─── STORED DATA

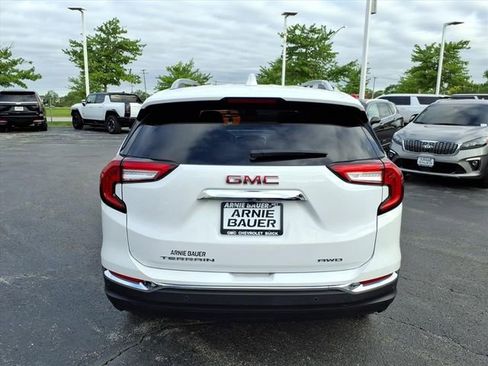 Used 2022 GMC Terrain SLT AWD/4WD image 8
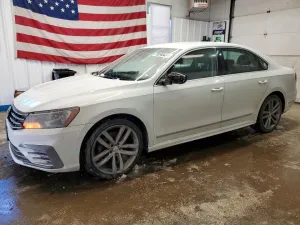2016 VOLKSWAGEN PASSAT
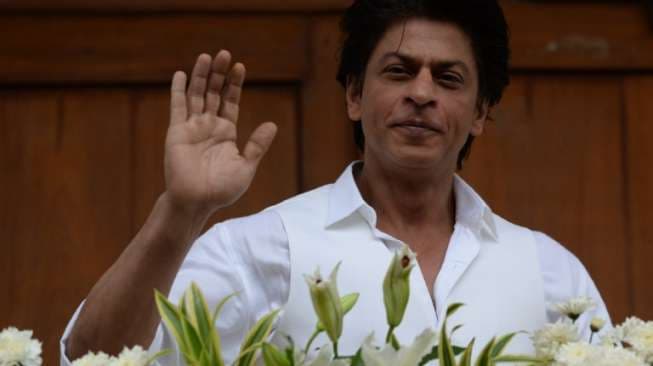 Shah Rukh Khan Usap Kepala Pengemis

──────

TASK STATEMENT
The data is to be printed again exactly, but without its pictures.

EXPECTED ANSWER
 Used 2022 GMC Terrain SLT AWD/4WD image 8
2016 VOLKSWAGEN PASSAT
 Shah Rukh Khan Usap Kepala Pengemis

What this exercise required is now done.